2D cross sections of a 3D rotating cuboid


If you’re unfamiliar with the concept and/or ideas of flatland, this post might not make a lot of sense to you. If you don’t want to read up on flatland, here’s a nice image which does a (decent) job of visualizing the concept behind this post:

Consider a cuboid with the dimensions X,Y,Z along the three spacial dimensions. Imagine taking said cuboid and slowly descending it through a 2-dimensional plane. How would this look?

If we merely took a 1x1x1 cuboid without any rotation, this would be a square popping in and out of existence  obviously. But how would this look if we allow the cube to rotate?

We define an initial rotation on the cube across the 3 dimensions (XY, XZ, YZ) and a gradual rotation (XY, XZ, YZ) as well. The cube will be rotated around its center-point, as it’s the most intuitive to do so.

If you don’t want the mathematical details, you can download the .jar file here:

Download link

We define the 8 vertices of the cuboid as 8 3-dimensional vectors positioned according to the center of the cube. We also define a rotation function r(x) for each of the vectors (which is simply a rotational matrix).

Definition: Rotating the cuboid (XY, XZ, YZ) means to rotate each of the 8 vectors (XY, XZ, YZ).

Next up, we need to define a cross-section of the cube at a certain height t.

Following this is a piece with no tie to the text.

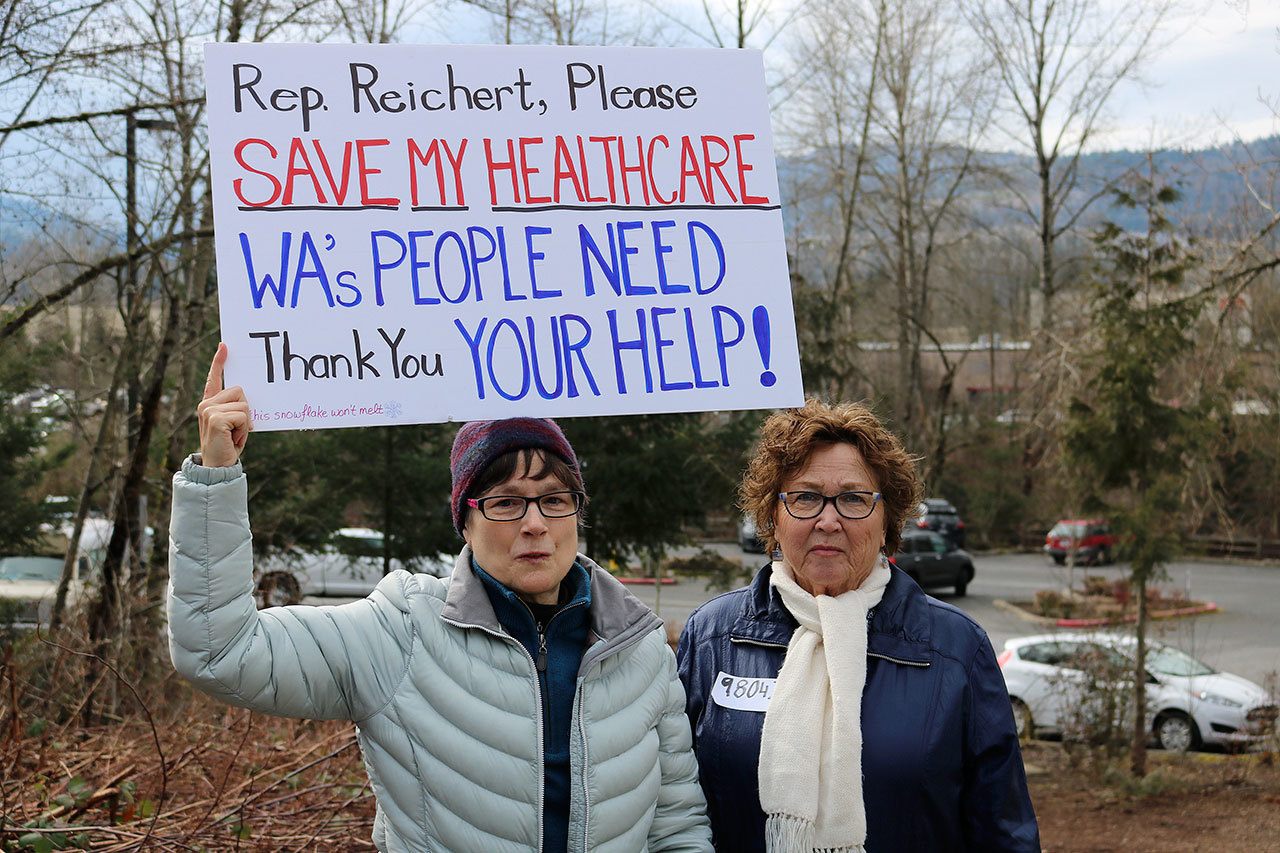From left, Marion Kee of Redmond and Sharon Kay of Kent befriended one another at the rally after coming together to discuss their concerns for health care and immigration in the United States. Kee, who twice survived cancer, said that the Affordable Care Act has made it possible for her to have health care.
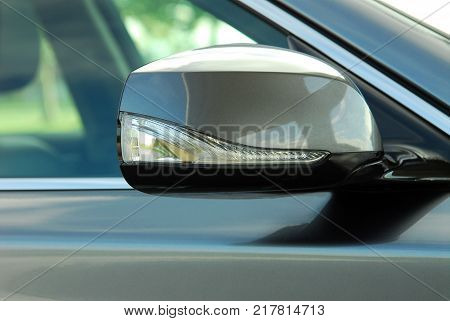 Car rear-view mirror with blinker, exterior detail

Definition: A line segment is a line going from a point to another point. In this casevectors. A line segment is a line going from the end of one vector to the end of another vector.

The cuboid contains 12 line segments.

Definition: An intersection is the point where a 3-dimensional line and a 2-dimensional plane at height intersect.

Definition: A cross-section of the cuboid is the set of intersections for each line segment in the cuboid and an infinite 2-dimensional plane (X, Z) at height t (y=t).

We get the cross-section of the cuboid and draw the convex hull of this collection of points.

Going at constant rate for we get an animation of the cuboid going through flatland (rotating the cuboid for each term).

This was really vaguely described, but I don’t really feel like going into too many details.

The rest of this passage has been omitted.